Spring is in the air. Yes, it’s been literally days since the last snowfall. Local news stations are filing their “brave the cold” fodder away, and dusting off “beat the heat” segments. Melting ice has uncovered a treasure trove of spare change, wrappers, and dog shit left beside sidewalks over the past four months. Best of all, Brewers baseball is back.

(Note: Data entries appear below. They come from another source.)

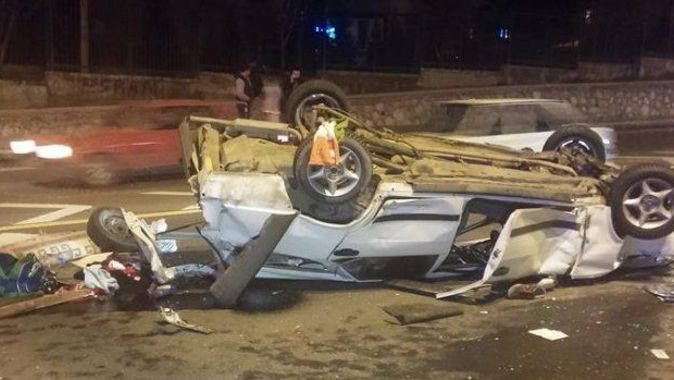 Ankara&#039;da otomobil devrildi, ölü ve yaralılar var
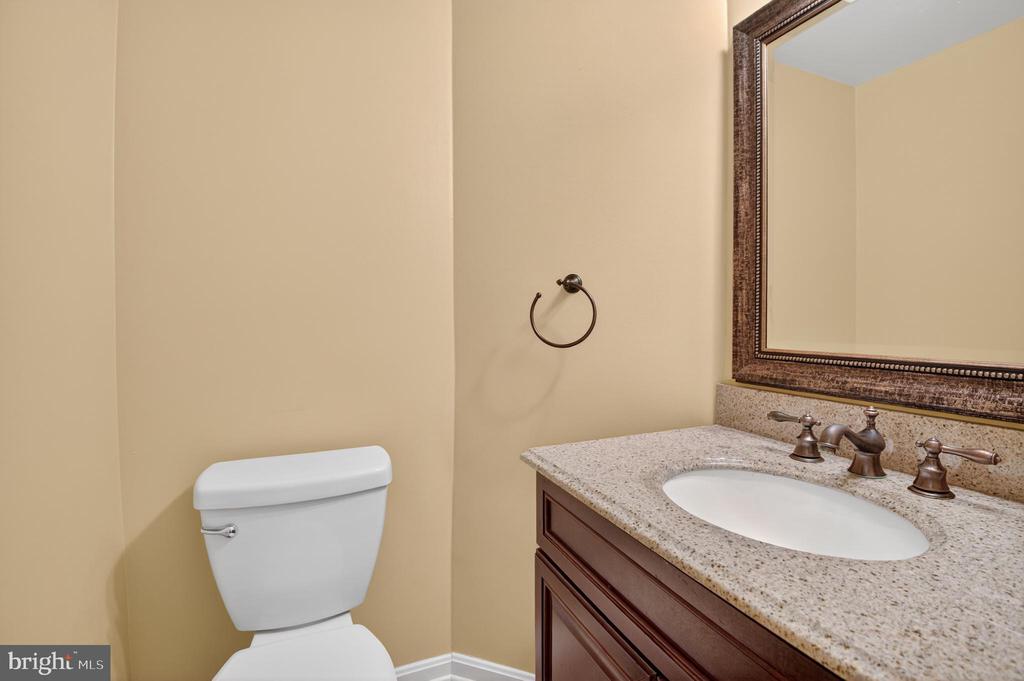 10808 DRAWBRIDGE COURT
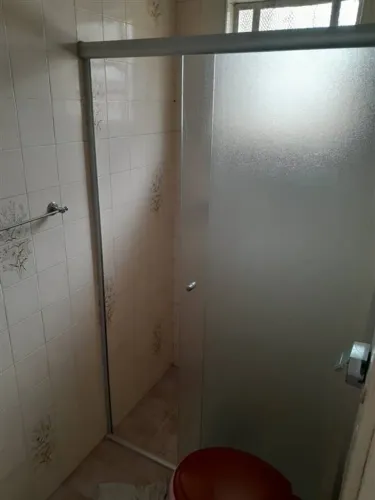 Excelente casa no Jardim Melvi com 02 dormitórios, 02 vagas de garagem e edícula.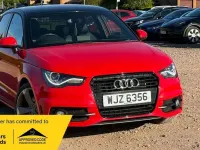Begagnad Audi A1 Sportback Black Edition 185 HK (136 kW) 2014 Röd Halvkombi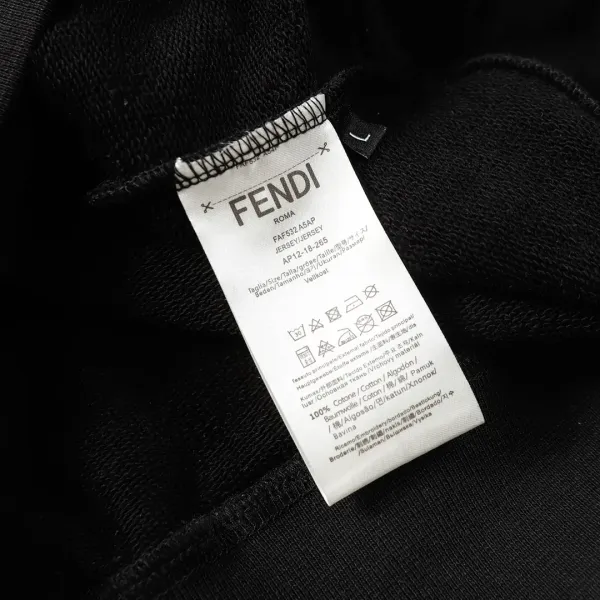 【2026】【FENDI 公式旗艦店】フェンディ丸首の衛衣 スウェット ご好評に付き再入荷! 【2026】【FENDI 公式旗艦店】フェンディ丸首の衛衣 スウェット ご好評に付き再入荷!
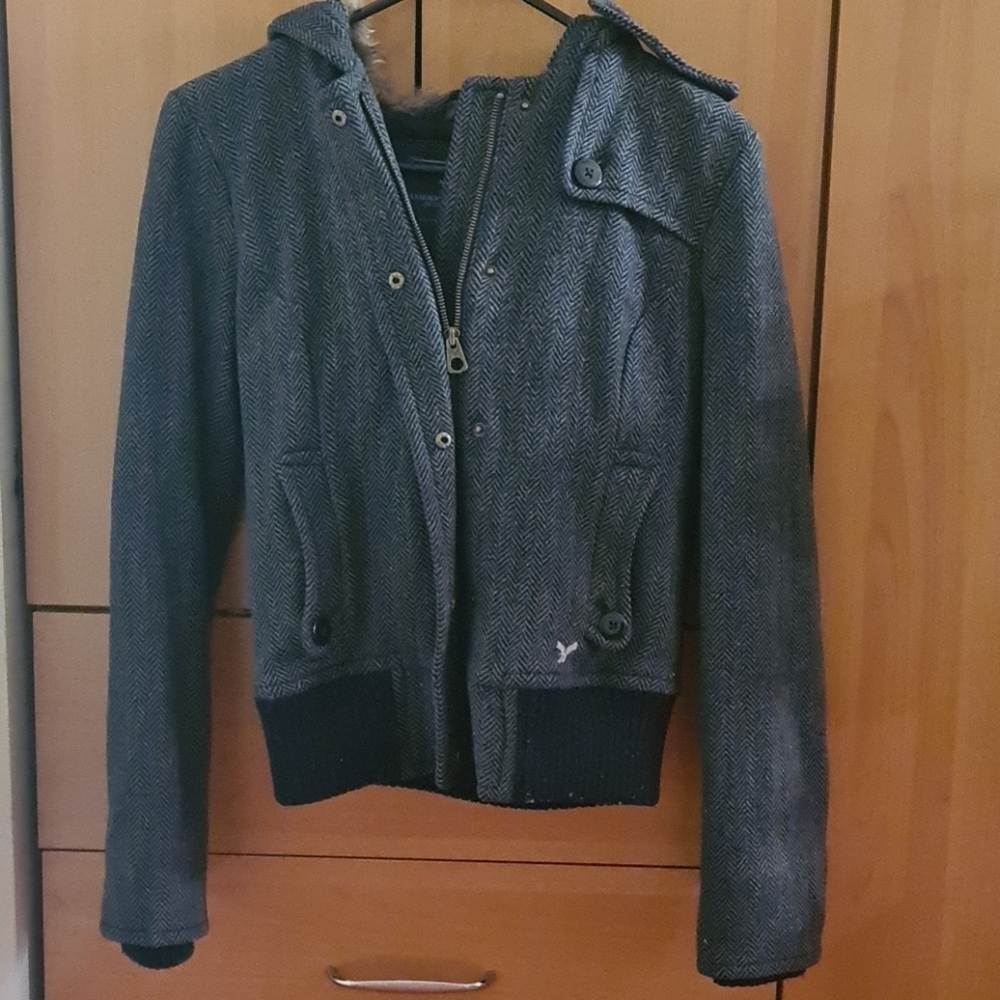 American eagle bomber jacket with fur (size S)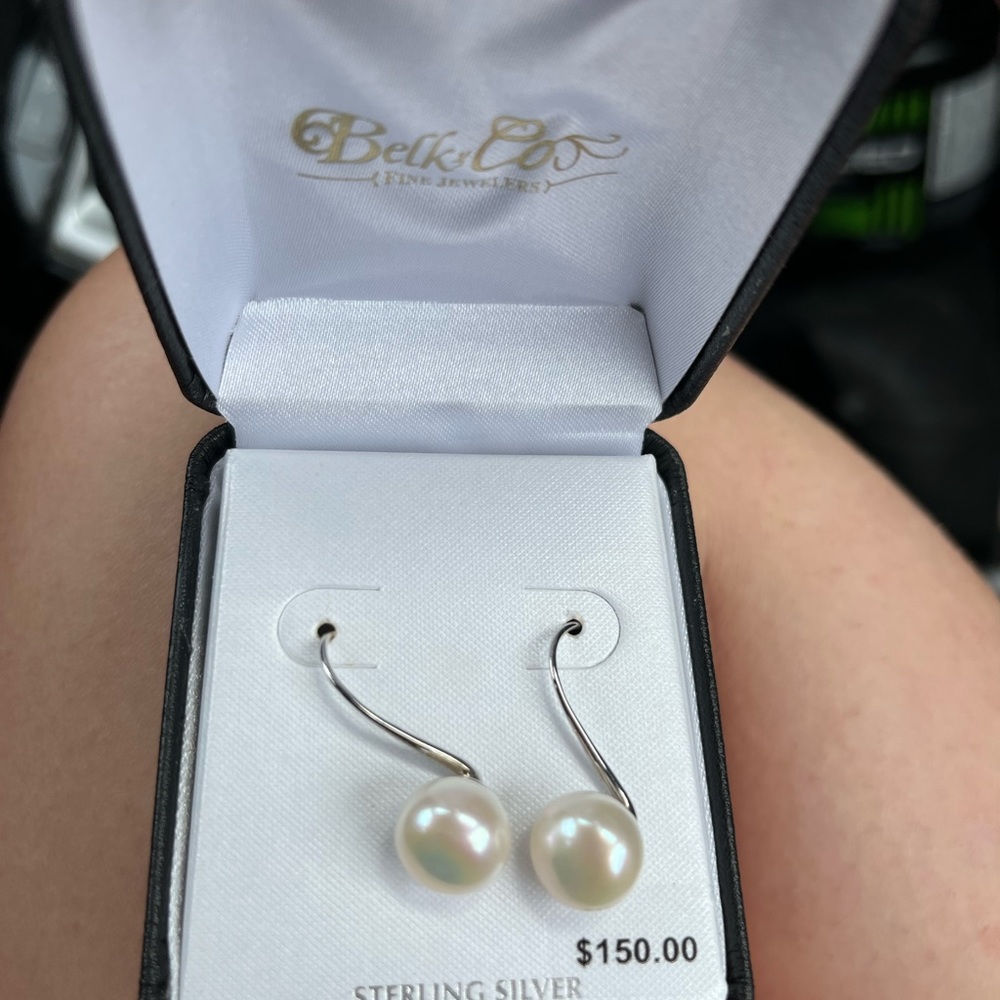 Brand NWT pearl earrings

Monday, the long-empty Miller Park lots will, again, be overtaken with automobiles; Port-a-Johns; the distinct scent profile of grilled meat, charcoal, and barf; as well as hoards of Brewers fans. Before game one of (at least) 162 is in the books, Milwaukee Record will get you up to speed on what to expect from your Milwaukee Brewers.

Pitching in
Following a fairly inactive offseason, the Brewers made waves with a surprising late-winter acquisition. Enough about Hank the Dog, though; Milwaukee also brought in Matt Garza, a proven veteran starter who was set stray by the Rangers—by way of the Cubs—when his contract was up last season. For the staggering (yet miraculously under-market value for a pitcher with his résumé) price of $50M spread over the next four seasons, the Brewers get a top-of-rotation-caliber hurler with a 3.84 lifetime ERA and more than 1,000 strikeouts in eight seasons. Between default “ace” Yovani Gallardo, Kyle Lohse (who is actually the team’s best starter), a finally healthy Marco Estrada, and pitching project Wily Peralta, the Brewers rotation looks much better on paper than it did last season…and much more misogynistic.

First things last, evidently
When Corey Hart decided against re-signing with the only big league team he had ever known—not to mention the franchise that paid him $10M to occupy a place on the disabled list all of last season—in favor of a generous one-year deal with the Seattle Mariners, the Brewers were left with the same corner infield quandary they faced last season. Like last year, the front office addressed the hole at first base by slapping together a makeshift platoon of affordable veterans. Mark Reynolds will be the opening day starting first baseman.

While Reynolds hit more than 20 home runs in each of the last six seasons, the all-or-nothing slugger is known for his propensity to strike out. His 223 strikeouts in 2009 is a single-season record, and he’s thrice led the National League in Ks. When Reynolds inevitably gets a day or two off to break up a slump (or fills in for the $15.1M ghost of Aramis Ramirez at third), first base will be occupied by a familiar face. Remember Lyle Overbay? The pre-Prince Fielder Brewers first baseman will spell Reynolds in his second stint with the Brew Crew. Though nice for nostalgia’s sake, with nine years between Brewers at-bats, fans who once screamed “OOOOO!!!” when Overbay stepped to the plate will now be muttering “Oh…”

Other additions
Beyond Garza, Reynolds, and Overbay, the Brewers didn’t rotate much of their stock. In all, 20 members of Milwaukee’s opening day roster were on the team at some point last season. The first acquisition came when Milwaukee said sayonara to beloved Japanese outfielder Nori Aoki, trading him to Kansas City for promising young relief pitcher Will Smith, in a roster move that launched a million “Fresh Prince” puns. Hopefully he can Hitchon to a bullpen spot and avoid becoming an Enemy Of The State of Wisconsin.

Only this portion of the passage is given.